Both epidemiological and laboratory evidence support a role for vitamin D in colorectal cancer etiology, and this may be mediated by the VDR. Ecological and population-based studies have shown some evidence that vitamin D exposure, as measured through sunlight exposure, diet, and serum levels, is associated with a lower risk of colorectal cancer (26, 27, 28, 29, 30, 31, 32, 33, 34, 35, 36). Laboratory evidence demonstrates that 1,25(OH)₂D₃, the biologically active form of vitamin D, has a role in the regulation of cell proliferation and differentiation and in calcium metabolism (reviewed in Ref. 37). In vitro studies on colon cancer cell lines have shown that the presence of 1,25(OH)₂D₃ and its synthetic analogues slows tumor cell proliferation and enhances differentiation (3, 8). However, inhibition of tumor cell growth and enhancement of differentiation occurred only in cell lines with high VDR expression (3). It has also been shown that normal and malignant colonic tissue express VDR. Furthermore, the effects of calcium on colorectal cancer risk may also be mediated by the VDR. Epidemiological and laboratory data show that calcium may reduce the risk of colorectal adenomas as well as cancer (33, 34, 35, 36, 38, 39, 40, 41). Laboratory evidence points to several possible pathways involving calcium that are mediated by 1,25(OH)₂D₃ and indirectly by the VDR (42, 43, 44).

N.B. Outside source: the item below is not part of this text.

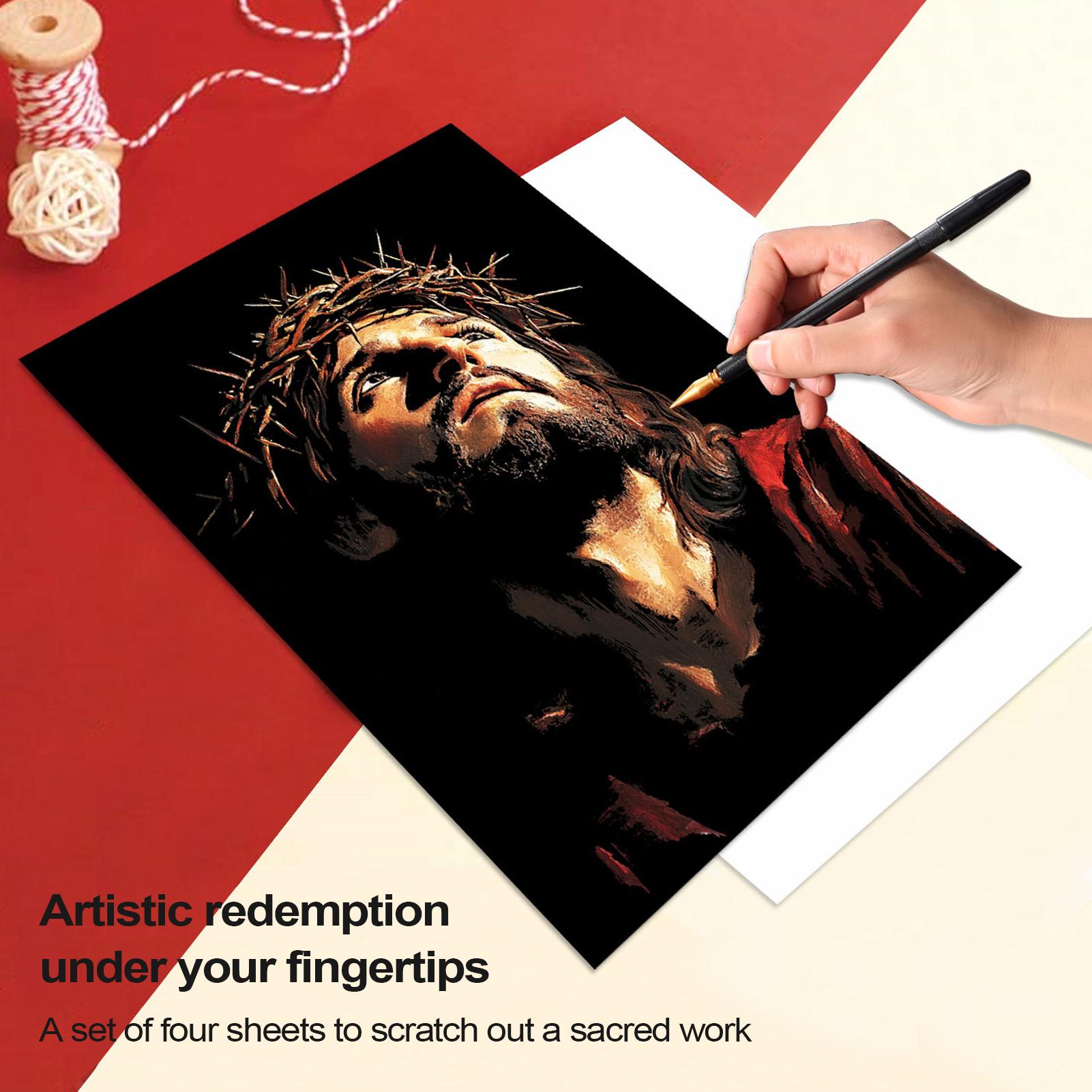 Scratch Book Jesus Scratch Pai - огляд і ціна Art Craft Books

Given this biology, a VDR-mediated mechanism of growth inhibition involving vitamin D and calcium exists. Additional polymorphic variation in VDR expression may influence the way in which 1,25(OH)₂D₃ and calcium control cellular growth and differentiation. BsmI is located in intron 8 and is closely linked to a second polymorphism, TaqI, located in exon 9. Another polymorphism, a poly(A) microsatellite, is located in the 3′-UTR (15). The mechanism through which these polymorphisms affect the VDR is still unclear, as the polymorphisms do not alter the amino acid sequence of the VDR protein (13). However, it is thought that the 3′-UTR region of the VDR gene is involved in the regulation of mRNA stability, and, therefore, may alter the rate of degradation of the VDR mRNA (12). There is also some speculation that these polymorphisms are in disequilibrium with other mutations that alter VDR function (13). Although the mechanism is still unknown, studies have shown that VDR BsmI genotypes are associated with certain phenotypes. The BsmI BB genotype has been associated with lower calcium absorption and lower bone density in several studies (14), as well as significantly elevated levels of circulating serum 1,25(OH)₂D₃(15).

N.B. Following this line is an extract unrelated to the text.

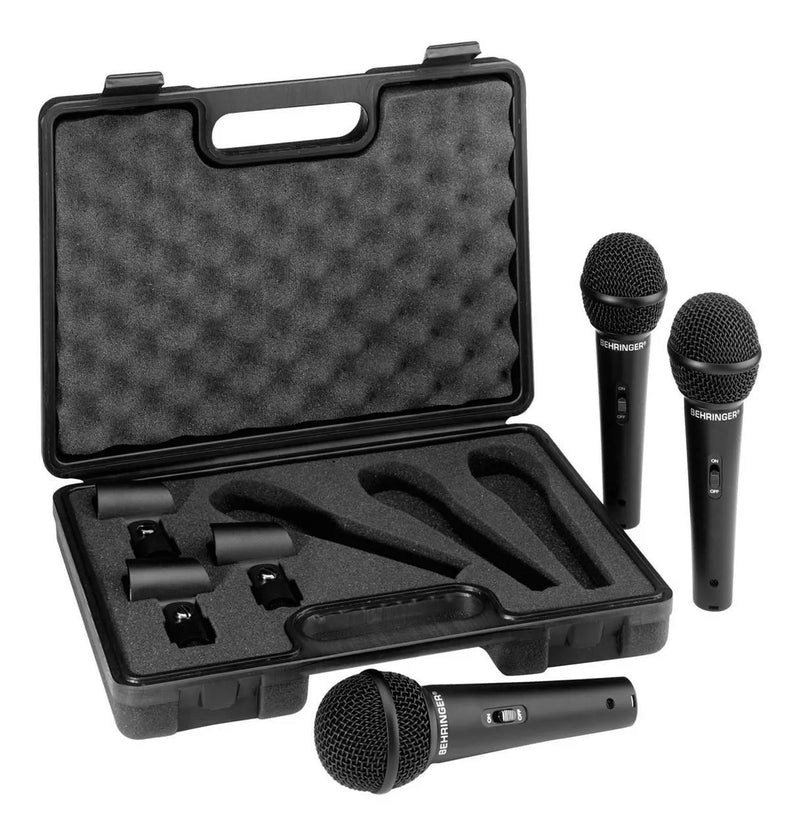 Micrófonos Behringer Ultravoice XM1800S Dinámico Supercardioide color negroS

The results of this study are unusual in light of the fact that higher calcium and vitamin D intake are generally associated with a modestly reduced risk of colorectal neoplasia. However, these data suggest that those with the BB BsmI VDR genotype may be at reduced risk in the presence of lower calcium and vitamin D intake. These results are similar to those reported by Ma et al.(15), who reported an inverse association between the BsmI BB genotype and prostate cancer risk among those with serum 25(OH)D₃ levels lower than the median in a study on VDR polymorphisms, prostate cancer risk, and serum vitamin D levels.

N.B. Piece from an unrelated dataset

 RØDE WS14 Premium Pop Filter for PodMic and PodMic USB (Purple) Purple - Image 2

The results of this case-control study suggest that the BB genotype is inversely associated with colorectal adenoma risk in the presence of lower vitamin D and calcium intake. These findings are novel in light of the fact that higher calcium and vitamin D intake are generally associated with a modestly reduced risk of colorectal neoplasia. These findings should be replicated to establish whether this VDR polymorphism does have a role in the etiology of colorectal neoplasia and that the relationship is modified by vitamin D and calcium exposure.